WORK ORDER:
Using the records that appear below, write out exactly the lines from the one with "Groundsmen inspect the pitch" through the one with "Christian Wallen, junior", keeping both end lines.
Segment Start: RECORDS PROVIDED
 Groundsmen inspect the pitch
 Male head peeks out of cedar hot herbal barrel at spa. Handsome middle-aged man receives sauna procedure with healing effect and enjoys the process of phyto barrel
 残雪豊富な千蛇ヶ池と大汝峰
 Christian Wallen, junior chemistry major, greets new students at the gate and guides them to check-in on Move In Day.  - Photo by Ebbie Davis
Segment End: RECORDS PROVIDED
Segment Start: RECORDS PROVIDED
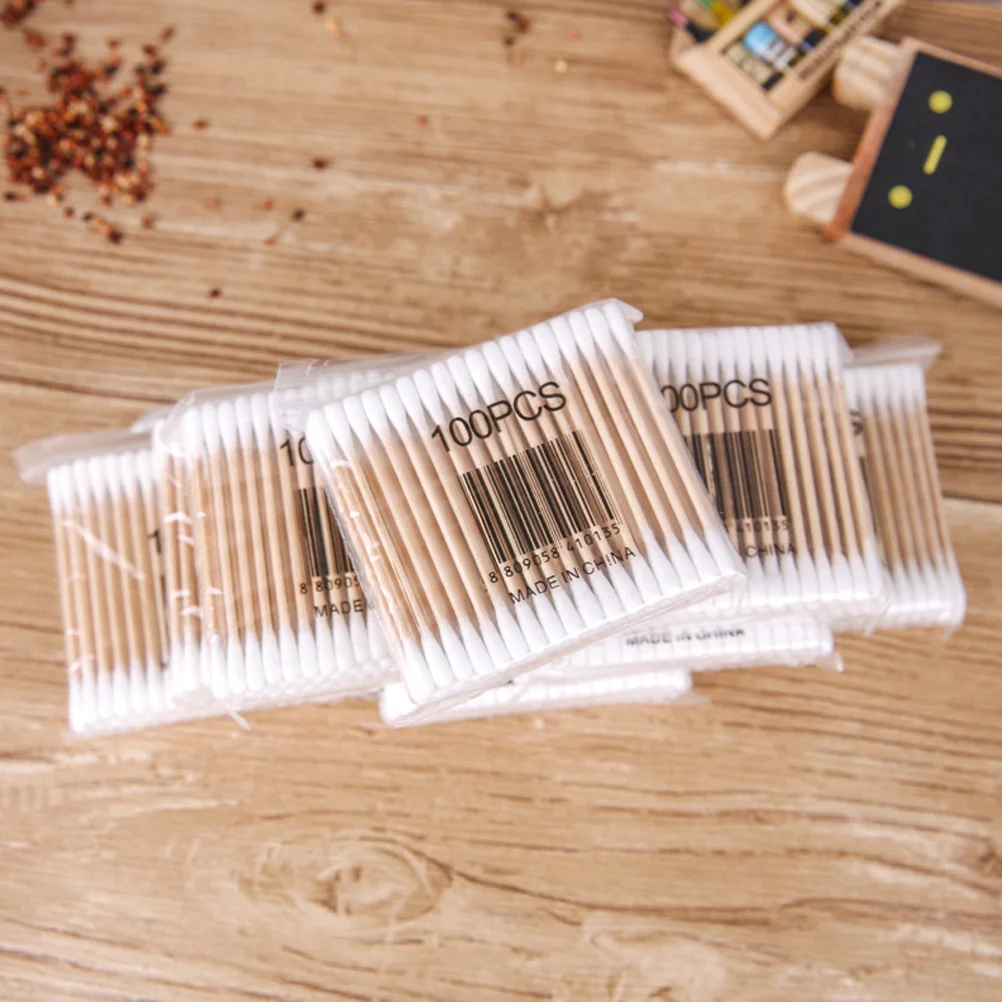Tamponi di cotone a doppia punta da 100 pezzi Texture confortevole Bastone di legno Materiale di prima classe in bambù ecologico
Segment End: RECORDS PROVIDED
Segment Start: RECORDS PROVIDED
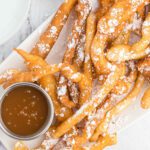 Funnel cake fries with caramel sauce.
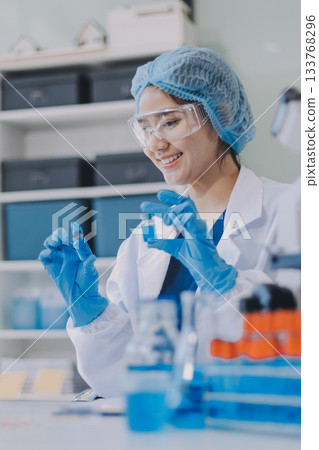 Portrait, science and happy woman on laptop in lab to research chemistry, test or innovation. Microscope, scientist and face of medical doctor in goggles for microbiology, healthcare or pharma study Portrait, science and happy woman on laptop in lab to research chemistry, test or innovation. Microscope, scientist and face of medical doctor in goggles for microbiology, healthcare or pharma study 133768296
Segment End: RECORDS PROVIDED
RESULT BELOW:
 Groundsmen inspect the pitch
 Male head peeks out of cedar hot herbal barrel at spa. Handsome middle-aged man receives sauna procedure with healing effect and enjoys the process of phyto barrel
 残雪豊富な千蛇ヶ池と大汝峰
 Christian Wallen, junior chemistry major, greets new students at the gate and guides them to check-in on Move In Day.  - Photo by Ebbie Davis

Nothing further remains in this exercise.